Duraglas is like Bondo except that it's fiberglass reinforced, so it doesn't swell when moisture comes in contact with it. You'll likely have to get it at an autobody paint shop. It's green and cures a lot harder than bondo so you'll want to work it when it's just cured and won't peel off but isn't rock hard yet. You'll also want to scuff the shit out of the PVC or ABS piping before you apply it so it has something to bite into, otherwise it might pop off and you don't want that going into your intake. It might be a good idea to put a sheet of screen in front of the MAF so that in the event it did pop off you're not throwing junk into the engine. You'd want to put in a screen that was somewhat of a coarse or large pattern so that it's not impeding airflow. You might want to not use the duraglas at all though just to be safe. In regards to the piping, I was giong to use PVC once but realized that the I.D. size was smaller than what I wanted and to get the right I.D. I would have had to use such large O.D. PVC that it would be tough to fit.

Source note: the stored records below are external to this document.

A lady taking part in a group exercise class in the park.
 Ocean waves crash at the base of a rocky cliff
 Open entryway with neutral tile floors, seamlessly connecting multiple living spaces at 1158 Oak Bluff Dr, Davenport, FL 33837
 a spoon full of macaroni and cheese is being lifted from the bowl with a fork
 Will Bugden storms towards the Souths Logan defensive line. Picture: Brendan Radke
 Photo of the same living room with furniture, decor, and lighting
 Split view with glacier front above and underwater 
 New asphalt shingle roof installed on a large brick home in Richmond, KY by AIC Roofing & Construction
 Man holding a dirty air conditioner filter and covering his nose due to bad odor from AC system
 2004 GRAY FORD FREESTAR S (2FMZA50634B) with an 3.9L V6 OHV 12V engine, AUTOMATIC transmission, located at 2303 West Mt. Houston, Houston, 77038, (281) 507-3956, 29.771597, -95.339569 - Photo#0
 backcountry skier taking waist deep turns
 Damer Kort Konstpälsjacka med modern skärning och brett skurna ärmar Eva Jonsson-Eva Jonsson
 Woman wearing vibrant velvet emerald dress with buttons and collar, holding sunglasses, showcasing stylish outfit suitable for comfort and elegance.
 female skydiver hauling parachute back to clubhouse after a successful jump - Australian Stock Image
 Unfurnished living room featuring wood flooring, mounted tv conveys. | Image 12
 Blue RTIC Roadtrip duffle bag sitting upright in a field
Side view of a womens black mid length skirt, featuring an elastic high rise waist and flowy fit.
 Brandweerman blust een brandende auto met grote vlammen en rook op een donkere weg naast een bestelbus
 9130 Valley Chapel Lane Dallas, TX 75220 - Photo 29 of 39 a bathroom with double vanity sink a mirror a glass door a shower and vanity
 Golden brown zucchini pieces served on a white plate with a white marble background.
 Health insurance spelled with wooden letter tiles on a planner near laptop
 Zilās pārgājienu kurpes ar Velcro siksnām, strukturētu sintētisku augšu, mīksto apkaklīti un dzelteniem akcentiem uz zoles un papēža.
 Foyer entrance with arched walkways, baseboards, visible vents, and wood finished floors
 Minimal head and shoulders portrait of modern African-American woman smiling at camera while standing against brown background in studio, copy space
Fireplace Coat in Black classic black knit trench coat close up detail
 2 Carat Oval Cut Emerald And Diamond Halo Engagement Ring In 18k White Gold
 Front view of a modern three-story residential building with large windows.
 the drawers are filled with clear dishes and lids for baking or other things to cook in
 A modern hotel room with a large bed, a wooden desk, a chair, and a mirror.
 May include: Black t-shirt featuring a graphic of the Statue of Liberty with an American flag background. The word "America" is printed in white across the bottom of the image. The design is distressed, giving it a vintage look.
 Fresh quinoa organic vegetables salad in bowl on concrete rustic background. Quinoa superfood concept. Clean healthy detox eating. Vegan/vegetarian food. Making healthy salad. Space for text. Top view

So I bought the mandrel bent steel instead, not to mention it was cheaper that way as well.


----------



## maxpower559 (Sep 6, 2002)

i dont think we sell duraglass but i know that you can goto the building materials dep. to get a 2 1/2 or 2.75 piping. thats over by the lumber department. same isle as the chain length fencing. im getting 2.75 to do my intake. taking it to a muffler shop and having them do a 90* bend in it....should work great....ill post pix and results...have to get my car out of the impound which is like one week from monday...then i post the pix or the xe-r.


----------